In the United States, low interest rates and lenient ratings by Moody’s and other bond rating agencies have enabled B-rated companies — those occupying the lowest tier of investment grade bonds — and C-rated companies to borrow well beyond their capacity to repay.
With the federal funds rate so low, the Fed has little room to lower interest rates further. Jumping into the longer-term Treasury and mortgage-security markets won’t do any more to limit the hemorrhaging than quantitative easing accomplished from 2008 to 2014.
Commercial banks, asset managers and hedge funds have accounts at the Fed that pay interest at nearly the same rate as the federal funds rate — practices that did not exist prior to the financial crisis. That is where commercial banks park required and excess reserves that provide ready liquidity for business and consumer accounts.

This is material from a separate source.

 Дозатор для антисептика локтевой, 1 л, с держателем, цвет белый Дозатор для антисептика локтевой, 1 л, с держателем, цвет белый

These days banks carry reserves far in excess of what the Fed requires and often refuse to lend excess funds to businesses, even those offering Treasury securities as collateral. Simply, the banks would rather pay checking and money-market account customers less than 0.2% and earn 1.55% at the Fed.

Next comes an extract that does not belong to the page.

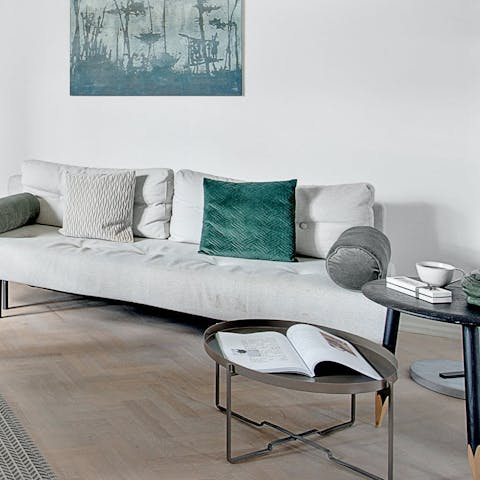 Pour yourself a glass of something chilled and relax after a busy day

To break this reticence, the Fed should end interest payments on excess reserves, and in a crisis focus more on injecting additional excess reserves onto bank balance sheets than cutting rates further.
The Fed with the Treasury should explore digital currency — specifically letting all credit worthy banks, businesses and individuals open accounts with regional Fed banks. In a recession, Congress could authorize the Treasury to print bonds, place those on the Fed balance sheet, and directly inject cash business and consumer accounts. That would be more effective than slow-moving infrastructure projects or toying with the tax system.
Incentivizing banks to lend by not rewarding passive reserves and the capacity to directly inject money directly into business and consumer checking accounts would give the Fed sharp tools in a crisis.